# How should I fill a shape consisting of Bezier curves and straight lines?

I have been working on a graphics library for some time now and have gotten to the point where I have to draw Bezier and line based fonts. Up to this point I am stuck with this:  The green lines are the Bezier paths, and the white part is what gets rendered.

The code I use for Beziers is here. The one for lines is here. For those who don't know that is Lua.

Path rendering (lines) : 32 - 39 The algorithm is as follows:

1. Iterating from 0 to 1 at certain intervals
2. calculating the x and y with this formula: (1-index)^2*x1+2*(1-index)*index*x2+index^2*x3

Up to this point everything works fine. The green lines are generated using the path method.

The white part is rendered in a completely different way:

1. I get the x coordinates of the Beziers and lines at a particular Y, the put them into a table.
2. I iterate through the table and each time I encounter a point I change the value of state.
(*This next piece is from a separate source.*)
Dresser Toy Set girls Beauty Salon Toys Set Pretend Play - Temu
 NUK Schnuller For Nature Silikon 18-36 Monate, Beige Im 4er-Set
In the same for loop is also check whether state is on. If it is, I draw a pixel to the screen.

To find the x values of a y, I use the getX method (line 46 in Bezier and line 31 in Line).

The code I use for the drawing itself is this one:

local xBuffer = {}
local state = false

for i=0,500 do
for k,v in pairs(beziers) do
a,b = v.getX(i)
if a then
xBuffer[round(a)] = 1
if b then
xBuffer[round(a)] = 1
end
end
end
for k,v in pairs(lines) do
a = v.getX(i)
if a then
xBuffer[round(a)] = 1
end
end
state = false
for x=0,600 do
if xBuffer[x] then
state = not state
end
if state then
love.graphics.points(x,i)
end
end
end


Quick explanation: for i,v in pairs iterates through the table given as an argument to pairs. love.graphics.points(x,y) sets a point at x,y.

• Is there a reason nobody responds? Should I reformulate the question? Jan 12 '16 at 8:36
• Its early days there are only so many people who have time to answer and you've only so far reached 5 views. This stackexchange is still an infant and has not got many users give it time. Jan 12 '16 at 10:52
• OK. Thanks. I did not realize so little people were here. Jan 12 '16 at 12:10

Instead, tessellate your Beziers into line segments and then throw those into the polygon scan converter. I suggest just using (recursive) binary subdivision: i.e. the quadratic Bezier with control points, $(\overline {A} , \overline {B} , \overline {C})$ can be split into two Beziers, $(\overline {A} , \overline {D} , \overline {E})$ and $(\overline {E} , \overline {F} , \overline {C})$ where \begin{align*} & \overline {D}=\dfrac {\overline {A}+\overline {B}} {2}\\ & \overline {E} =\dfrac {\overline {A}+2\overline {B}+\overline {C}}{4}\\ & \overline {F}=\dfrac {\overline {B}+\overline {C}} {2} \end{align*} (which is also great if you only have fixed point maths).